For the purposes of this subsection, the term “income-based approach” shall include the use of direct capitalization methodology and computed by dividing the net operating income of the parcel of property by an appropriate capitalization rate not to exceed the average of the current market data available in the county of said parcel of property. Federal and state tax credits or other subsidies shall not be used when calculating the capitalization rate. Upon expiration of a land use restriction agreement, such parcel of property shall no longer be subject to this subsection.
Complainant failed to meet its burden of proof to present substantial and persuasive evidence to qualify for exemption. Complainant’s failure to prove any single element is sufficient for denial of exemption. See, Westwood Partnership v. Gogarty, 103 S.W.3d 152 (Mo. App. E.D. 2003); Daly v. P. D. George Co., 77 S.W.3d 645 (Mo. App. E.D. 2002); Reeves v. Snider, 115 S.W.3d 375 (Mo. App. S.D. 2003); Industrial Development Authority of Kansas City v. State Tax Commission of Missouri, 804 S.W.2d 387, 392 (Mo. App. 1991). Consequently, Complainant is denied exempt status for ad valorem tax purposes.
The assessed valuation for the subject property as determined by the Board of Equalization for Clay County for the subject tax day is AFFIRMED.
Application for Review
A party may file with the Commission an application for review of this decision within thirty days of the mailing date set forth in the Certificate of Service for this Decision. The application shall contain specific facts or law as grounds upon which it is claimed the decision is erroneous. Said application must be in writing addressed to the State Tax Commission of Missouri, P.O. Box 146, Jefferson City, MO 65102-0146, and a copy of said application must be sent to each person at the address listed below in the certificate of service.
Failure to state specific facts or law upon which the application for review is based will result in summary denial. Section 138.432, RSMo
The Collector of Clay County, as well as the collectors of all affected political subdivisions therein, shall continue to hold the disputed taxes pending the possible filing of an Application for Review, unless said taxes have been disbursed pursuant to a court order under the provisions of Section 139.031.8, RSMo.

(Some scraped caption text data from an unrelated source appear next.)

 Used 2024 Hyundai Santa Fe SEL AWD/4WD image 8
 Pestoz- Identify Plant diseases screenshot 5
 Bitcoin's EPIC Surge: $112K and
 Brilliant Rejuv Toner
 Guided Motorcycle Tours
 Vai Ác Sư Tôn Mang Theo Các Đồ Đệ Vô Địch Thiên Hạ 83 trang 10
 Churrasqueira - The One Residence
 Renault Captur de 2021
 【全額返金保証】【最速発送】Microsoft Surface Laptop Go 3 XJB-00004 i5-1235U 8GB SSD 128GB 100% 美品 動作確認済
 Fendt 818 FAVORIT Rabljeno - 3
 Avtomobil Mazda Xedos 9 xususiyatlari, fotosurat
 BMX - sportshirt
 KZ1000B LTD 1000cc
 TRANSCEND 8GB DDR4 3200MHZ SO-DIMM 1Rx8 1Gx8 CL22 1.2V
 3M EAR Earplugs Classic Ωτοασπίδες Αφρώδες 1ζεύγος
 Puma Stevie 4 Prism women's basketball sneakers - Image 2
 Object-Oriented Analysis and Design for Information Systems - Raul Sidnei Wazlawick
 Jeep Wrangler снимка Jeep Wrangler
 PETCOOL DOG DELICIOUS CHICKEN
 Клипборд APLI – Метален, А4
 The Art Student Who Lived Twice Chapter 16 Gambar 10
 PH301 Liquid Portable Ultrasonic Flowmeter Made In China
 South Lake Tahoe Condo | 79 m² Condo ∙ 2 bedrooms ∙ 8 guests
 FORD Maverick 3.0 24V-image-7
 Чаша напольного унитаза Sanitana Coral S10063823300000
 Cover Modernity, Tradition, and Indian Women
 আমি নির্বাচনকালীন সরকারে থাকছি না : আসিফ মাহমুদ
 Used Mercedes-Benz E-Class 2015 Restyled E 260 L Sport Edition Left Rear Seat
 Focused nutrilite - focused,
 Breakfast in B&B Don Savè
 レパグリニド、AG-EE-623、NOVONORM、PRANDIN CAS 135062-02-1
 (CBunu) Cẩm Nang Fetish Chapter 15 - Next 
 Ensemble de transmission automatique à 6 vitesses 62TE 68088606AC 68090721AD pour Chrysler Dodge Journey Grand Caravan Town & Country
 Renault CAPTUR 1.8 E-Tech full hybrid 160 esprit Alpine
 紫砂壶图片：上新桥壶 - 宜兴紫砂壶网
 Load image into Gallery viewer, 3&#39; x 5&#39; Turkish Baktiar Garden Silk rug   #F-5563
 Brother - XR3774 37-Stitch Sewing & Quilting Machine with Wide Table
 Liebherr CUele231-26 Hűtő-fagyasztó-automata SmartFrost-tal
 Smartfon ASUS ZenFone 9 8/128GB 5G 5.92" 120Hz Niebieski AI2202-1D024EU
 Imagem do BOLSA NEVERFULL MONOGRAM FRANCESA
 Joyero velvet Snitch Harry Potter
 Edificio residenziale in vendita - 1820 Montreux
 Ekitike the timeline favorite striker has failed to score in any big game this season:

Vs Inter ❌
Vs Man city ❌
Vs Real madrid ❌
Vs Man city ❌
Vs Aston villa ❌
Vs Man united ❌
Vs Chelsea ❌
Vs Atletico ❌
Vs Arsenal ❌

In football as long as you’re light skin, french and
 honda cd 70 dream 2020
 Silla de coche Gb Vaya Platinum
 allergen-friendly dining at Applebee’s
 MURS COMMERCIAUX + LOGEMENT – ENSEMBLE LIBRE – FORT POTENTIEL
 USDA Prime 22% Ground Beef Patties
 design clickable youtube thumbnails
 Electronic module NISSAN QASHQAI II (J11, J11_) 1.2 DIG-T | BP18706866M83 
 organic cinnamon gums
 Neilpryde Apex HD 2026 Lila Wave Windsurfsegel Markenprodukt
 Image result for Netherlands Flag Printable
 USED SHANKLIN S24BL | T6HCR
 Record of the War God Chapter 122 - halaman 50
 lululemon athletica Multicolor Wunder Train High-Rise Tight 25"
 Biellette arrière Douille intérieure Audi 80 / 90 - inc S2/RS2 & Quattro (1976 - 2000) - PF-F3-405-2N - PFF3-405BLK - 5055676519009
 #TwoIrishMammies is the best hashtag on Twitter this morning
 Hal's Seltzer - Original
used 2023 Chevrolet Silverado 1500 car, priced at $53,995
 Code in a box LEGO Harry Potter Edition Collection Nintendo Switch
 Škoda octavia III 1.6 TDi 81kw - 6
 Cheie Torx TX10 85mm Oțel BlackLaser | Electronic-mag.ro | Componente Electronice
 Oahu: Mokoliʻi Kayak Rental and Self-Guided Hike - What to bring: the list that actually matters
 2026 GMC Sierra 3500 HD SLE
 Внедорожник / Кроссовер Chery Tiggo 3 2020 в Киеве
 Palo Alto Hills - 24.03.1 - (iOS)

Any Finding of Fact which is a Conclusion of Law or Decision shall be so deemed. Any Decision which is a Finding of Fact or Conclusion of Law shall be so deemed.
SO ORDERED this 14th day of March, 2017.
STATE TAX COMMISSION OF MISSOURI
Senior Hearing Officer
Certificate of Service
I hereby certify that a copy of the foregoing has been sent electronically or mailed postage prepaid this 14th day of March, 2017, to: Complainants(s) counsel and/or Complainant, the County Assessor and/or Counsel for Respondent and County Collector.